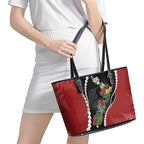 New Zealand Christmas Leather Tote Bag Flora Map with Birds - Aussie Hoodie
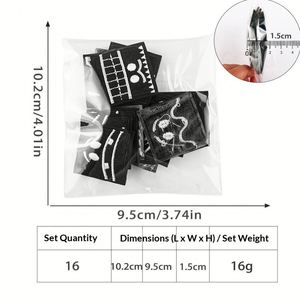 Patch thermocollant en tissu brodé créatif, motif carré noir avec expression amusante, pour vêtements, chapeaux et sacs à dos - Product Image 2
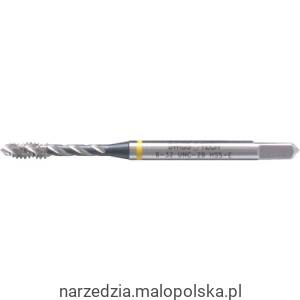 Gwintownik BSP 1/2"x14 HSS-EV do stali niskostopowej miękkiej nierdzewnej i mosiądzu spiralny nieprzelotowy 6H din371 din376 nakrój C pasywowany maszynowy calowy żółty pasek Swisstech SWT1850938Y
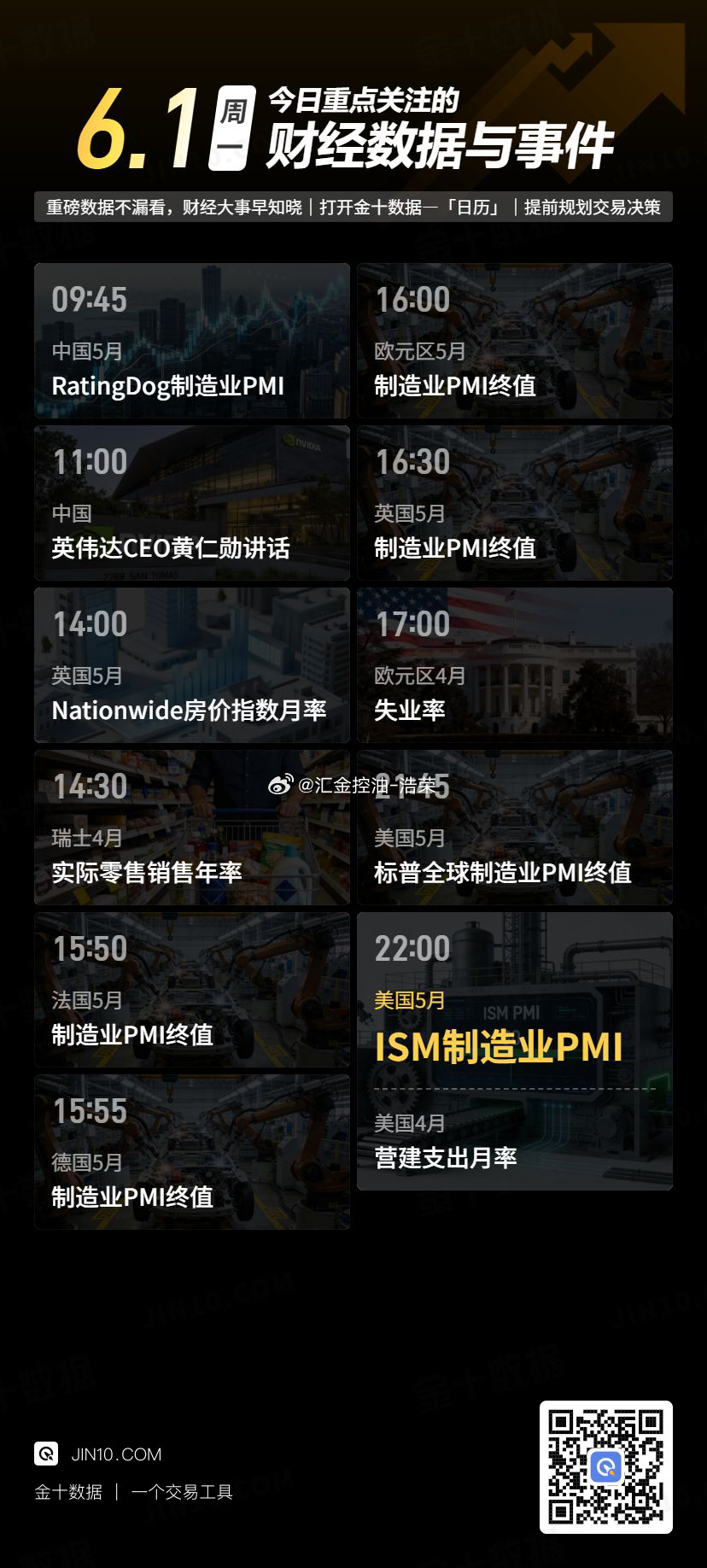 今日重点关注的财经数据与事件：2026年6月1日 周一 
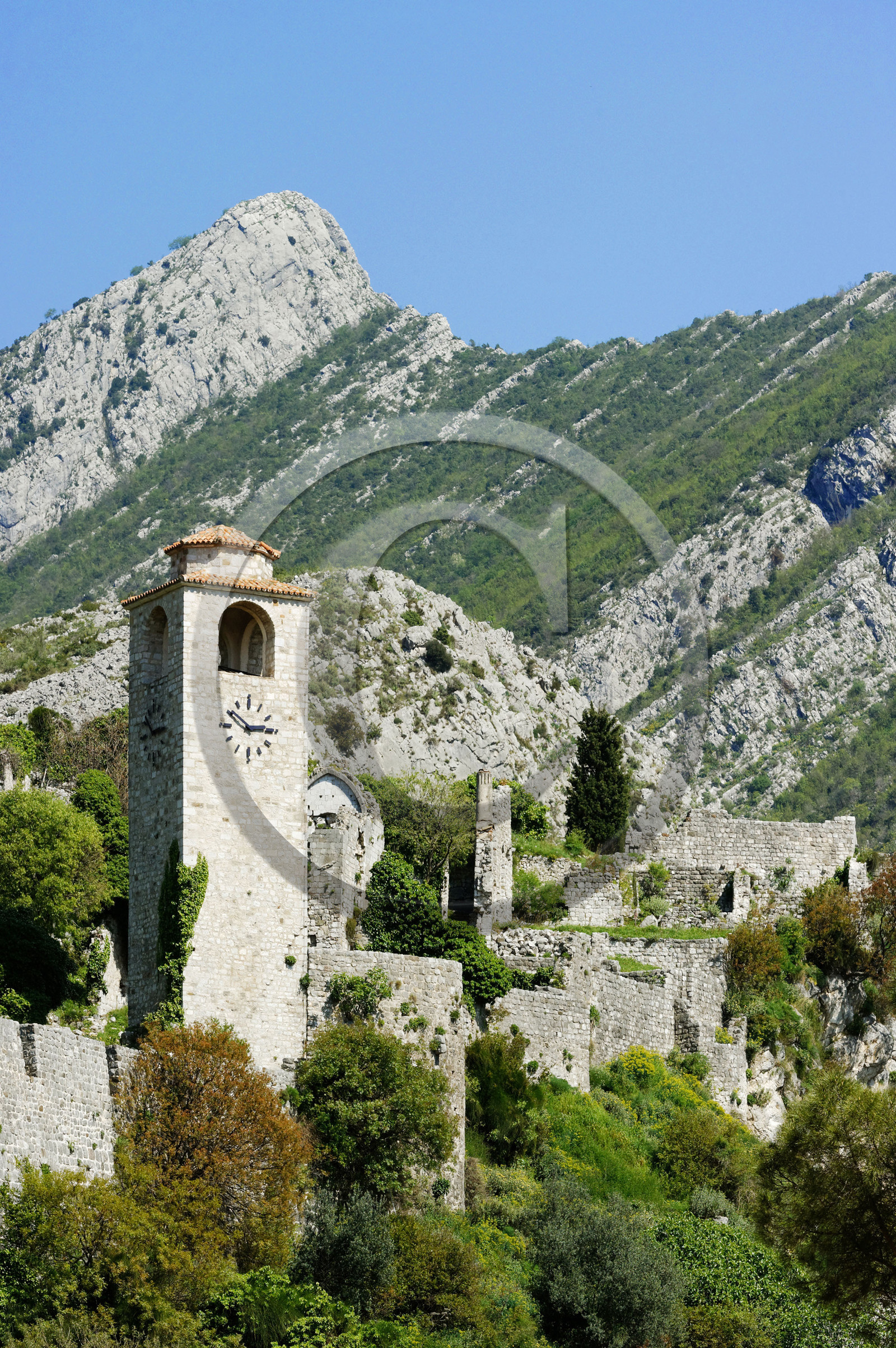 Montenegro, Adriatic coast, Bar, Stari Bar Historic Site, the Clock tower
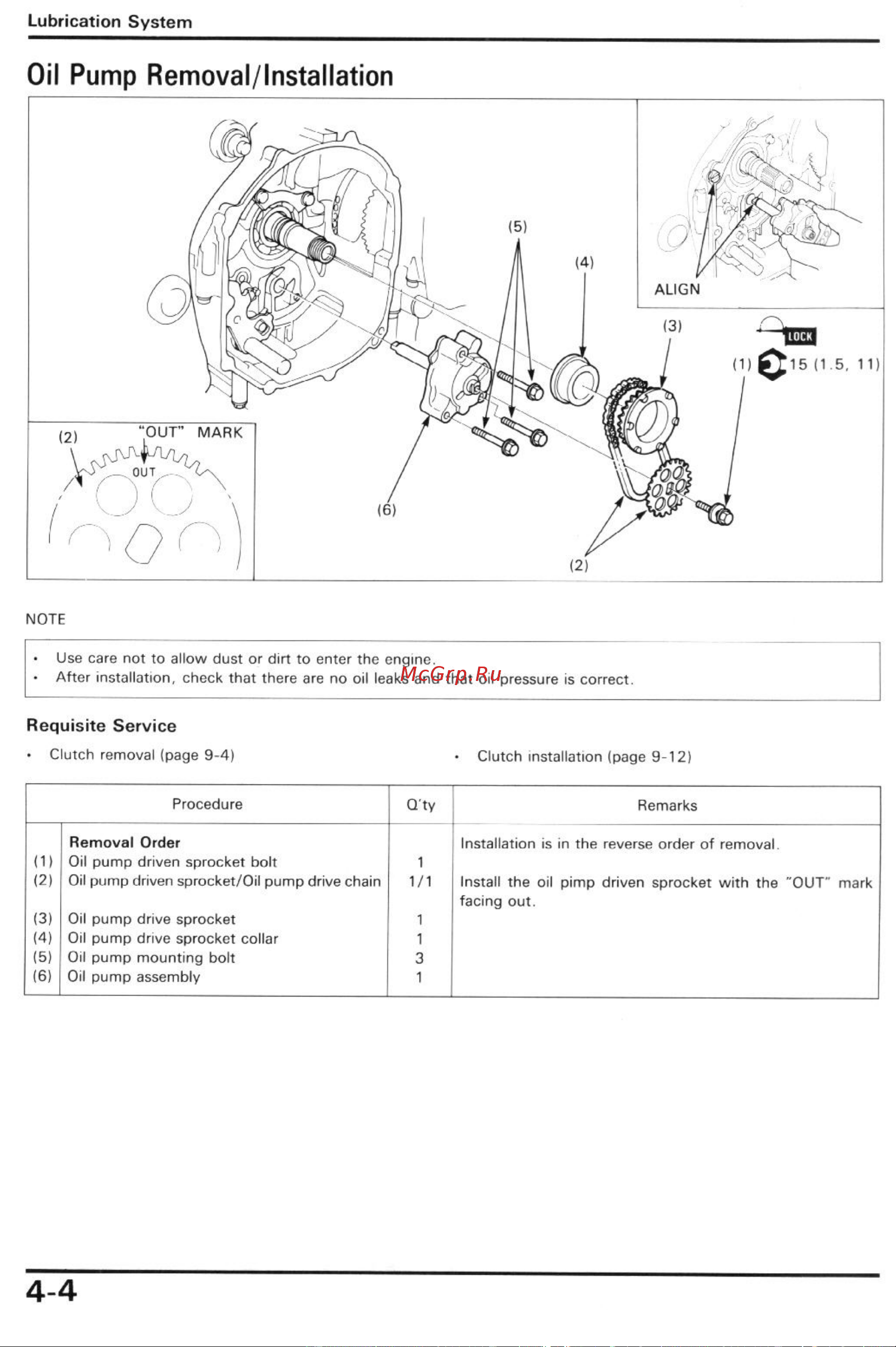Honda CBR600F2 (1991-1994) [30/196] Oil pump removal lnstallation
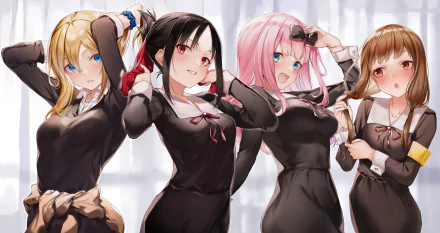 HD desktop wallpaper featuring Kaguya Shinomiya, Miko Iino, Ai Hayasaka, and Chika Fujiwara from the anime Kaguya-sama: Love is War, with all characters in school uniforms, set against a bright background.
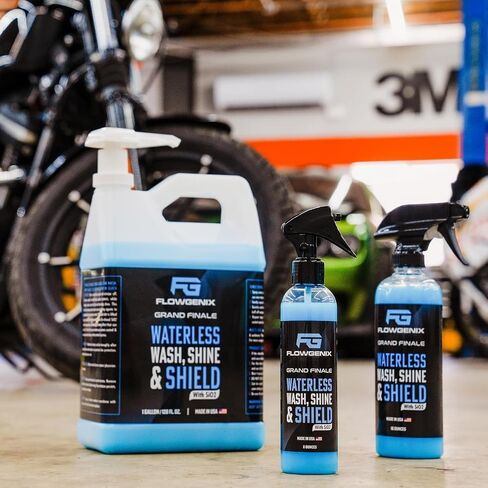 FlowGenix ™ Waterless Car Wash Spray - Grand Finale - Cleficlecle Cleaner و Car Wax Pray Polish (8 OZ) - طلاء سيراميك - مدفوع. 2 مناشف الألياف الدقيقة - رذاذ تفاصيل سريعة لجعل سيارتك يلمع in Saudi Arabia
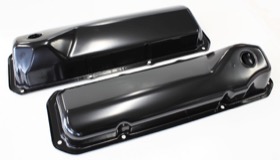 <strong>Black Steel Valve Covers</strong><br />Suit Ford 302-351 Cleveland Without Aeroflow Logo
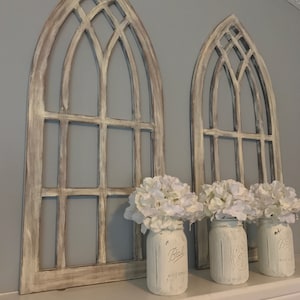 Distressed arched frames set of two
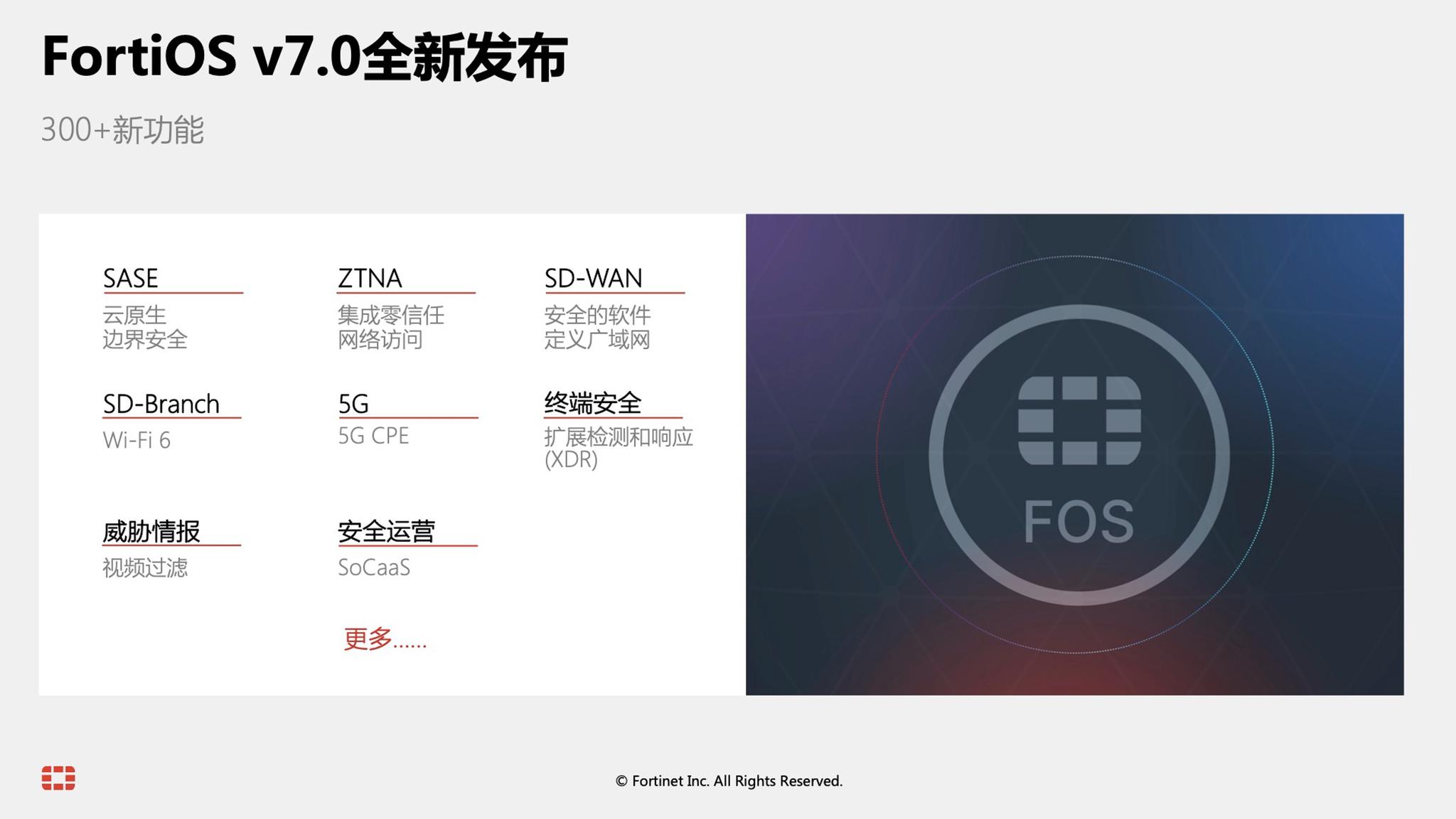 Fortinet FortiOS操作系统重大更新，支持SASE和零信任网络访问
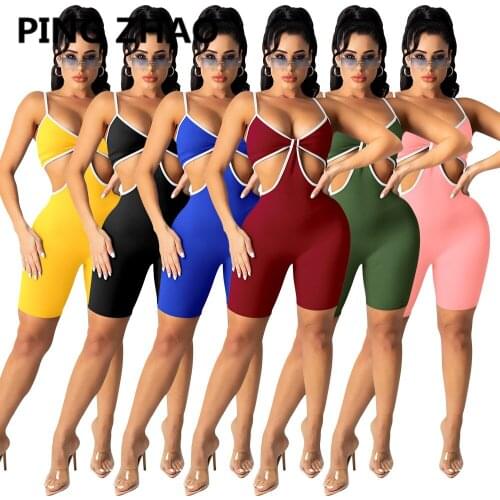 PING ZHAO Women Playsuit Solid Sleeveless Halter Hollow Out Stretchy Bodycon Playsuits Summer Sexy Rompers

++++

WHAT THE TASK REQUIRES - With pictures excluded, reproduce exactly the lines above from the one containing "pasek Swisstech SWT1850938Y" down to the one containing "HD desktop wallpaper", those two included.

RESULT OF THE TASK -
 Gwintownik BSP 1/2"x14 HSS-EV do stali niskostopowej miękkiej nierdzewnej i mosiądzu spiralny nieprzelotowy 6H din371 din376 nakrój C pasywowany maszynowy calowy żółty pasek Swisstech SWT1850938Y
 今日重点关注的财经数据与事件：2026年6月1日 周一 
 Montenegro, Adriatic coast, Bar, Stari Bar Historic Site, the Clock tower
Honda CBR600F2 (1991-1994) [30/196] Oil pump removal lnstallation
 HD desktop wallpaper featuring Kaguya Shinomiya, Miko Iino, Ai Hayasaka, and Chika Fujiwara from the anime Kaguya-sama: Love is War, with all characters in school uniforms, set against a bright background.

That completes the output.